Social Security isn't driving the deficit, yet Republicans have pursued drastic changes to the program. Sen. Harry Reid (D-Nev.) has promised that Social Security would be off the table in the on-going negotiations to avoid the fiscal cliff, but Obama did concede to tying the benefits to a recalculated Consumer Price Index that would ultimately provide less money to retirees. Sen. Bernie Sanders claims that, under such a measure, seniors who are currently 65 years-old would see their benefits drop by $560 a month in 10 years and by as much as $1,000 in 20 years. The Moment of Truth project (led by the two former co-chairs of the president's deficit reduction commission, former Sen. Alan Simpson (R-Wyo.) and former White House Chief of Staff Erskine Bowles) claims that the recalculated CPI could save as much as $112 billion from Social Security over the next ten years.

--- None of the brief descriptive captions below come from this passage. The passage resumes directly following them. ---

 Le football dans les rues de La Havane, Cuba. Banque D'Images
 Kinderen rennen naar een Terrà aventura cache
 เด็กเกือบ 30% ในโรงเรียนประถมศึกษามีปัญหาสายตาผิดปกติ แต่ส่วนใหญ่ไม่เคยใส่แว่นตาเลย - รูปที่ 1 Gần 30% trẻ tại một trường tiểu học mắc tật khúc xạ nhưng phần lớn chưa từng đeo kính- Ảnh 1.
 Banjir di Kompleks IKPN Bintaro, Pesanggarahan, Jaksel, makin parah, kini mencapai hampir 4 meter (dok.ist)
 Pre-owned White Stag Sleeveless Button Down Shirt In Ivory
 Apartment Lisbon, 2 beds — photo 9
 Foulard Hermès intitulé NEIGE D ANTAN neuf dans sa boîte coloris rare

Although Cantor and other GOP House members demanded that any deficit-reduction deal brokered in 2011 be classified as revenue-neutral, they were open to closing particular loopholes in the corporate tax code and limiting itemized deductions for individuals -- given that they were offset by other tax cuts. Out of the $50 billion in savings to be found over the next decade from closing loopholes, Cantor proposed getting $3 billion from eliminating the break for corporate-jet owners and another $20 billion from voiding the subsidies for the oil and gas industries. On the individual earner side, he proposed eliminating the second-home mortgage deduction for $20 billion, as well as limiting the mortgage deduction for higher-income households to rake in another $20 billion. He also offered to tighten the tax treatment of retirement accounts. But Democrats wanted to see even greater action taken on itemized deductions. In June 2011, Rep. Chris Van Hollen (D-Md.) proposed raising $130 billion in new revenues by capping itemized deductions at 35 percent for the highest income brackets. The GOP response to his proposal at the time was a resounding "no."
Set to expire on Dec. 31, 2012, the Bush tax cuts represent one of the most controversial elements of the so-called fiscal cliff. They added over $1.8 trillion to the deficit between 2002 and 2009. Yet Republicans argue that an extension is necessary to create jobs and spur economic growth. But a study from the Congressional Research Service found that tax cuts for the wealthiest earners had little economic effect. The White House is pushing for a renewal only of those tax breaks for the lower- and middle-class Americans in order to save the average middle-class family between $2,000 and $3,500 next year. Letting the cuts expire for those earning over $250,000 a year -- or the wealthiest two percent of Americans -- would haul in $950 billion in savings over the next decade, according to the CBO. Obama stressed how much the country stood to gain from such an approach Wednesday during a press conference. "If we right away say 98 percent of Americans are not going to see their taxes go up — 97 percent of small businesses are not going to see their taxes go up," he said. "If we get that in place, we're actually removing half of the fiscal cliff."